* [EXERCISE DIRECTIONS] Starting at the line with "Eisbär – Klimaschutz" and stopping at the final line, retype the data below exactly; do not carry over any pictures.

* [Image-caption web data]
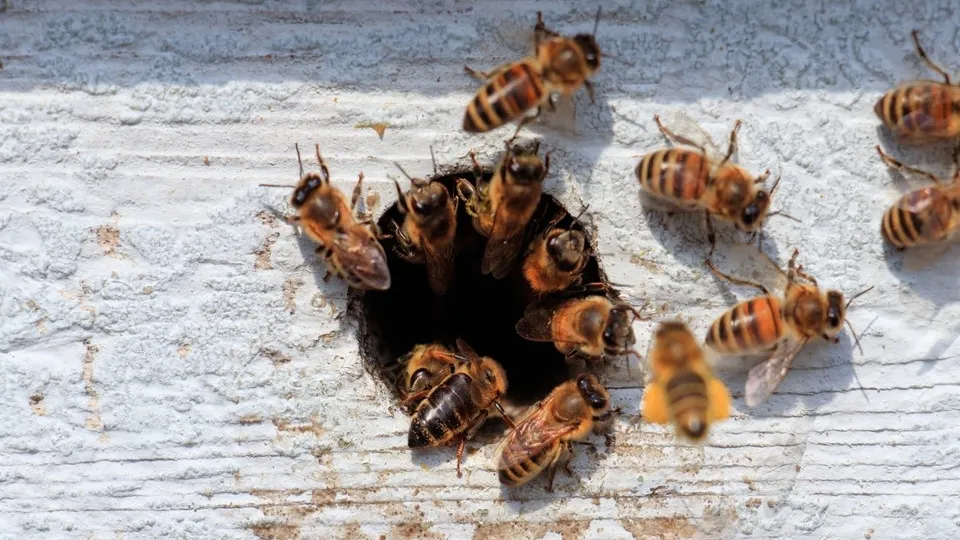 Фото: freepik.com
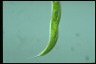 Euglena tripteris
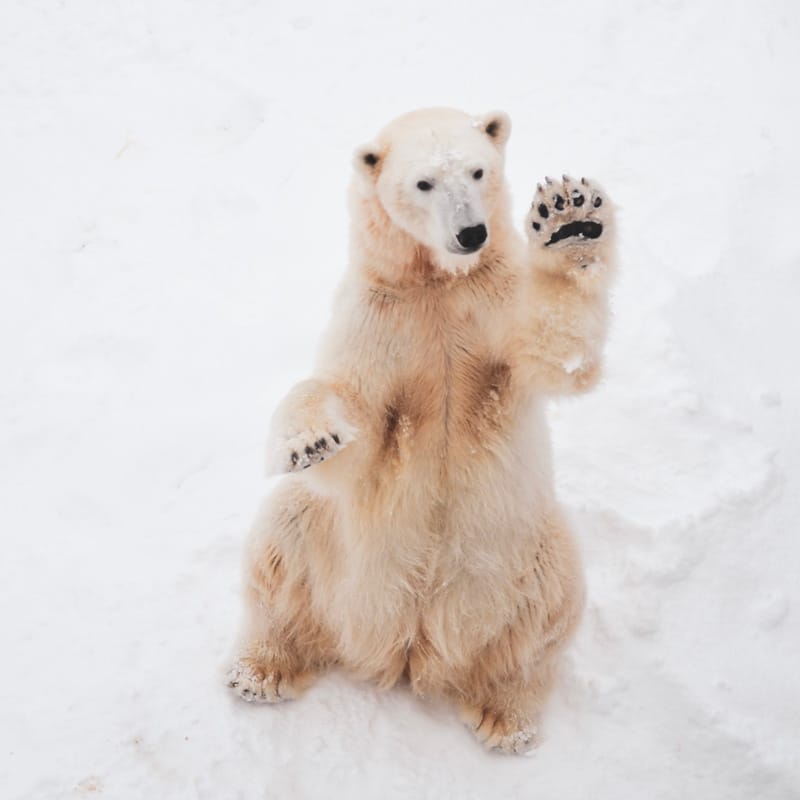 Eisbär – Klimaschutz
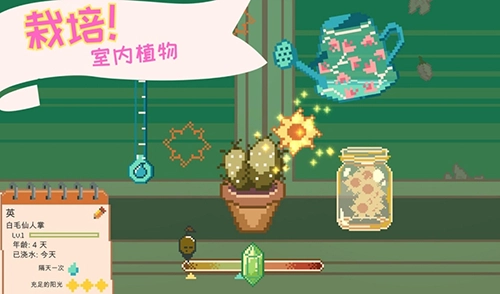 窗边花园游戏(1)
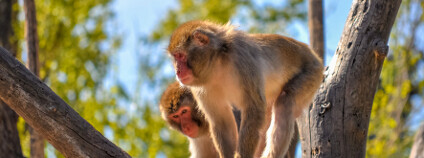 Makak červenolící Foto: s74 Shutterstock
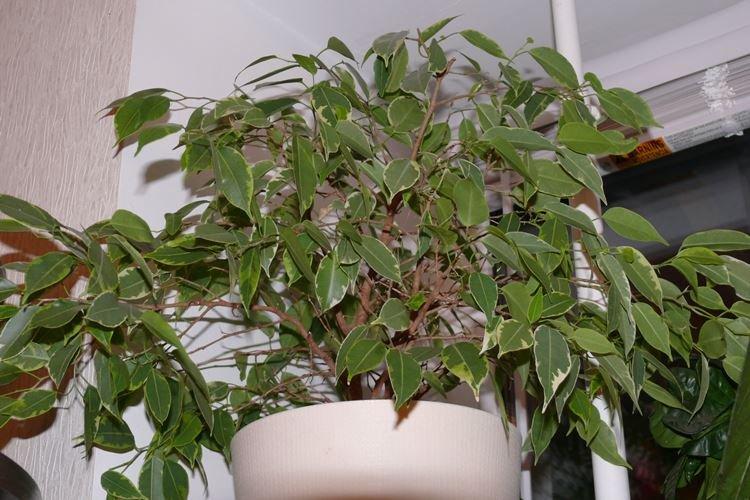 Ficus Benjamin - foto Ficus Benjamin - foto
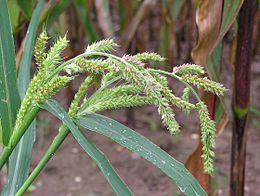 Paprastoji rietmenė (Echinochloa crus-galli)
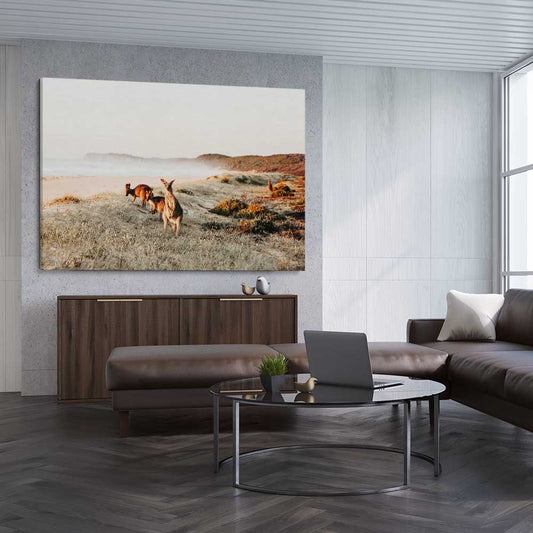 Animal wall art and canvas prints of Grazing Kangaroos on a stretched canvas displayed from an angle in a room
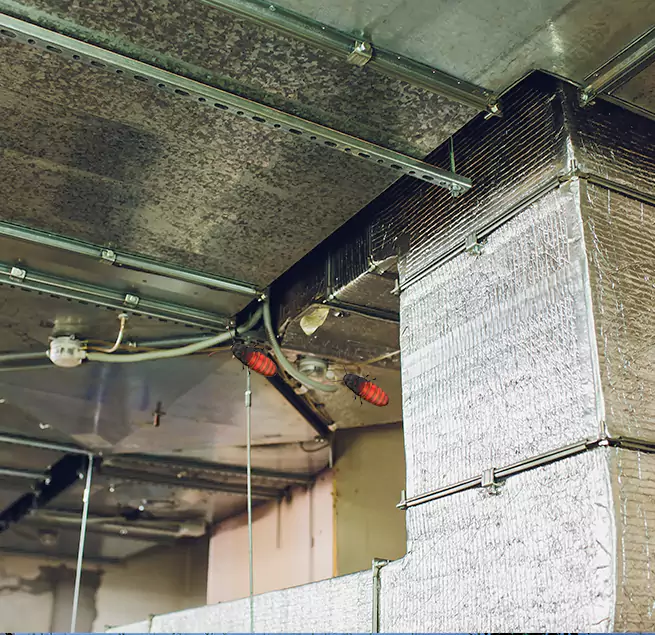 Why Homeowners & Businesses Trust Us Miami Lakes, FL?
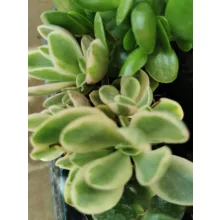 Crassula swaziensis Variegata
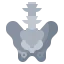 Pelvis Symbol 64x64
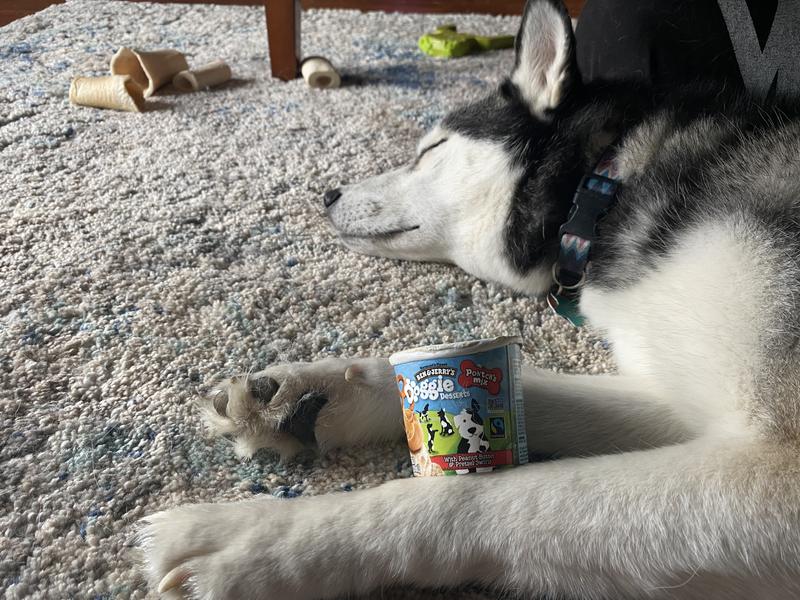 Ben & Jerry's Frozen Dog Treat Rosie's Batch 4 ct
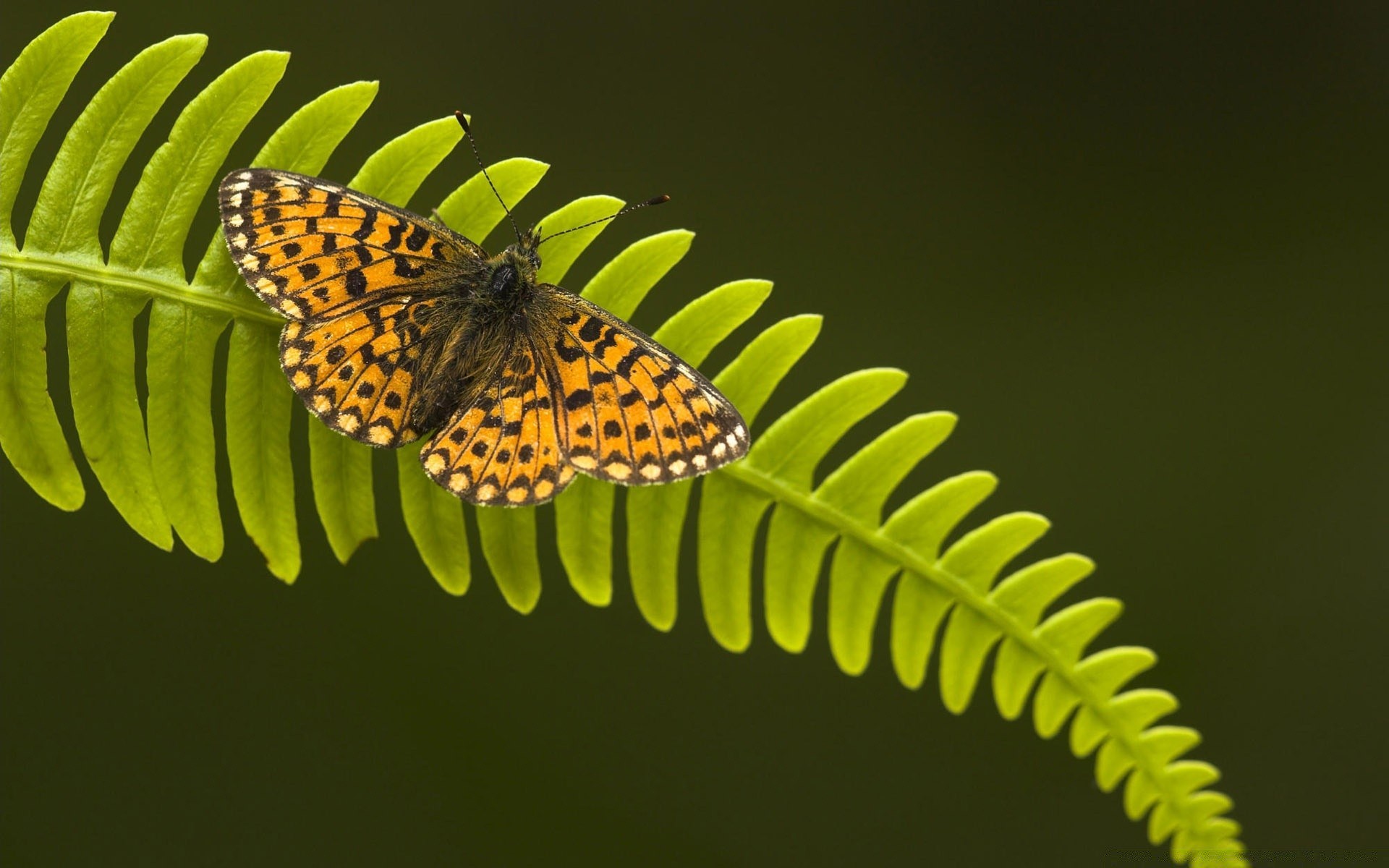 schmetterling insekt natur tierwelt biologie wirbellose im freien blatt tier farbe sanft garten sommer flügel antenne flora schön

* [COMPLETED EXERCISE]
 Eisbär – Klimaschutz
 窗边花园游戏(1)
 Makak červenolící Foto: s74 Shutterstock
 Ficus Benjamin - foto Ficus Benjamin - foto
 Paprastoji rietmenė (Echinochloa crus-galli)
 Animal wall art and canvas prints of Grazing Kangaroos on a stretched canvas displayed from an angle in a room
 Why Homeowners & Businesses Trust Us Miami Lakes, FL?
 Crassula swaziensis Variegata
 Pelvis Symbol 64x64
 Ben & Jerry's Frozen Dog Treat Rosie's Batch 4 ct
 schmetterling insekt natur tierwelt biologie wirbellose im freien blatt tier farbe sanft garten sommer flügel antenne flora schön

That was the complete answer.